Se Algo Pode Dar Errado Vai Dar Errado
O que significa e como aplicar esse princípio
“Se algo pode dar errado, vai dar errado” é uma formulação prática que alerta sobre a inevitabilidade de falhas em sistemas complexos. Na prática, planejar antecipadamente riscos, falhas e contratempos ajuda a reduzir problemas, melhorar processos e antecipar oportunidades de mitigação antes que ocorram prejuízos reais.
Origem e contexto do ditado
O princípio surgiu com a engenharia de segurança e foi formalizado como Lei de Murphy, amplamente aplicado em projetos de software, engenharia, aviação e gestão de riscos. A ideia central é que, se há uma possibilidade de falha, ela tende a se concretizar no pior momento, especialmente quando fatores humanos, técnicos ou externos estão envolvidos. Reconhecer essa possibilidade é o primeiro passo para criar planos mais robustos e resilientes.
Como prevenir e mitigar riscos na prática
Utilizar a premissa “se algo pode dar errado, vai dar errado” não significa ser pessimista, mas sim adotar uma postura proativa. Estratégias práticas incluem:
- Planejamento de contingência: antecipar cenários de falha e definir planos de ação rápidos para cada um.
- Testes e simulações: validar sistemas, processos e equipes em condições controladas para identificar vulnerabilidades antes da operação real.
- Documentação clara: garantir que procedimentos, responsabilidades e tomadas de decisão estejam registrados de forma acessível e objetiva.
- Comunicação transparente: criar canais ágeis para reportar problemas e lições aprendidas, evitando a repetição de erros.
- Revisão contínua: monitorar indicadores de risco, realizar auditorias periódicas e ajustar processos conforme novas informações surgem.
Aplicar essas ações reduz a probabilidade de falhas graves e aumenta a confiança de stakeholders, clientes e equipes.
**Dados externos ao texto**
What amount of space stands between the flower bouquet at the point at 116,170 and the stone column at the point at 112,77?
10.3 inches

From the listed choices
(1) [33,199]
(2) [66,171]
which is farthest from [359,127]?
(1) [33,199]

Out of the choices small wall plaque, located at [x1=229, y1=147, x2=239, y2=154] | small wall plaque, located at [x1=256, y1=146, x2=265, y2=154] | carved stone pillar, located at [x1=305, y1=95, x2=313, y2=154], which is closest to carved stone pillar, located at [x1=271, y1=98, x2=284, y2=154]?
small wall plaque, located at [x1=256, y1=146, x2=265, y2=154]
Exemplos de aplicação em diferentes áreas
O conceito se aplica amplamente, pois qualquer sistema com incerteza pode ser afetado por falhas inesperadas:
| Área | Aplicação prática | Ação preventiva comum |
|---|---|---|
| TI e software | Lançamento de nova funcionalidade | Testes de carga, staging e planos de rollback |
| Indústria e manufatura | Operações em linha de produção | Manutenção preventiva, sensores de falha e backups |
| Logística | Transporte e entregas | Rotas alternativas, rastreamento em tempo real e estoques de segurança |
| Saúde | Procedimentos clínicos e cirúrgicos | Checklists, dupla verificação e protocolos de emergência |
| Negócios e finanças | Lançamento de produto ou campanha | Análise de risco, testes A/B e reserva de caixa |
FAQ — Perguntas frequentes
- É correto usar “se algo pode dar errado, vai dar errado” como desculpa para falhar?
Não. A ideia é antecipar riscos e planejar ações, não justificar falhas. A responsabilidade por mitigação e aprendizado continua sendo essencial.

"Se algo pode dar errado, dará... Edward Murphy - Pensador - Como transformar essa premissa em ação concreta no dia a dia?
Identifique os principais pontos de falha, classifique pelo risco e impacto, estabelecia controles de prevenção, testes e respostas rápidas. Revisite-os regularmente.
- O conceito vale também para pequenas tarefas pessoais?
Sim. Mesmo em tarefas simples, como organizar uma viagem ou entregar um projeto escolar, listar riscos (ex: atrasos, falta de material) ajuda a evitar surpresas.
- Existe relação com a mentalidade “fail fast” (falhar rápido)?
Sim. Ambas reconhecem que falhas podem acontecer. A diferença está no foco: “fail fast” enfatiza aprender rapidamente com erros pequenos, enquanto a lei de Murphy incentiva prevenção e planejamento para reduzir falhas graves.

lei de murphy: ...se algo pode dar errado, dará. - YouTube - Como medir se minhas ações estão reduzindo riscos?
Monitore indicadores como número de incidentes, tempo de resposta, taxa de recuperação e lições registradas. A tendência deve ser de redução de eventos graves e aumento de maturidade do processo.
No fim das contas, “se algo pode dar errado, vai dar errado” funciona como um chamado para a prudência planejada. Ao antecipar problemas, construir planos de contingência e cultivar uma cultura de aprendizado, você transforma essa observação em uma vantagem estratégica para pessoas, times e organizações.